In this movie, a rich, spoiled, young peacock, Lord Shen (voice by Gary Altman) who had everything, but wanted more, and turned a substance (gunpowder) which previously brought joy (fireworks) into a weapon (a dragon headed cannon) is warned by a soothsayer water-buffalo (voice by Michelle Yeoh) that he will be defeated by a “great warrior” who is “black and white’ (Panda Po) who had obviously lost his parents somehow and had been raised by a kind, well meaning, goose (Mr Ping). 

There is much for young children and their families to learn as this story plays out, and if the story is expressed in an East Asian narrative form, (1) the lessons are easily translatable into Christian language as well “the last shall be first and the first shall be last" (Mt 20:16) and (2) the story is a reminder of the teaching of the Second Vatican Council, Nostra Aetate that “the Catholic Church does not reject anything that is true or holy in these other [South and East Asian] religions” (NA#2). 
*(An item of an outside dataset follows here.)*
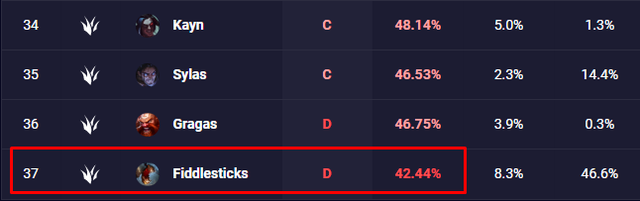 Yếu tới đáng thương, Fiddlesticks được Riot Games buff nóng chỉ sau vài ngày được làm lại - Ảnh 1.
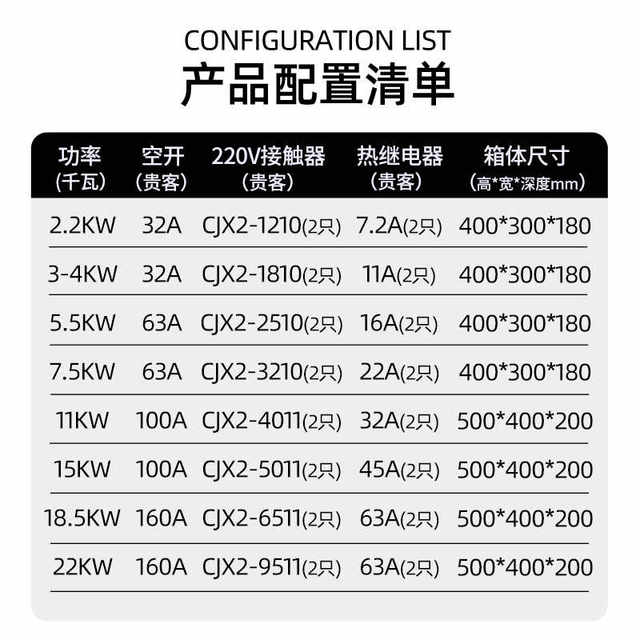 One use and one backup water pump control box float sewage pump sewage pump submersible sewage pump controller dual water pump control box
This statement of the Second Vatican Council may not be altogether appreciated by Christians and Catholics of European or Latin American ancestry, but is of enormous importance to South and East Asian Christians and Catholics from nations like Korea, Vietnam (with large Christian and Catholic populations), China, Japan and India (with smaller but often very ancient Christian and Catholic populations) and even the Philippines (overwhelmingly Catholic but with a culture and sensibility that is still profoundly East Asian) where the need to integrate one's faith with one's cultural origins is a matter of day-to-day life and necessary for maintaining an internal peace/equillibrium. 

A point is also made in this sequel that no matter how difficult or sad one’s previous life may have been one has the choice of responding positively toward the future.  This too carries a Christian equivalent where Jesus told his disciples "do not be afraid of those who kill the body but cannot kill the soul; rather, be afraid of the one who can destroy both soul and body in Gahenna" (Mt 10:28).  Again, no matter what our past may have been, we always have a choice of how to respond regarding the future.  We can choose to live in hurt, but we can choose to let go, or even and especially to forgive. 

Hence this story which is so beautifully expressed with an East Asian idiom has a message that is easily translatable into Catholic/Christian language as well and so I do hope that well meaning Catholic/Christian parents would not fear taking their kids to the film, because it is lovely (and probably because you're taking your kids to Tae Kwon Do or Karate classes anyway ;-). 

Finally, it remains interesting to me how so many spiritualities (in this case an Eastern one) talk of both searching for inner peace and yet also of external conflict and how often the interelationship between these two realities (the internal and the external) show up both in our ancient stories/Scriptures like the Book of Revelation or in the Islamic concept of Jihad and in more modern stories and films, perhaps most notably in the Jedi spirituality of the monks in Star Wars.  I’ve mentioned a number of times as I’ve reviewed a number of recent, more young-adult oriented “Apocalyptic” films like Suckerpunch or Priest.  Don't get me wrong, Kung Fu Panda 2 is a kids film while the other two are _certainly not_ (oriented to older teens and young adults).  Still the theme of external conflict being present even in the midst of the search for inner peace is present in all three.  And this theme may give adults something (a paradox, even a koan perhaps) to contemplate as they watch this film with their smiling, 3D glasses-wearing kids.  Happy viewing to all ;-)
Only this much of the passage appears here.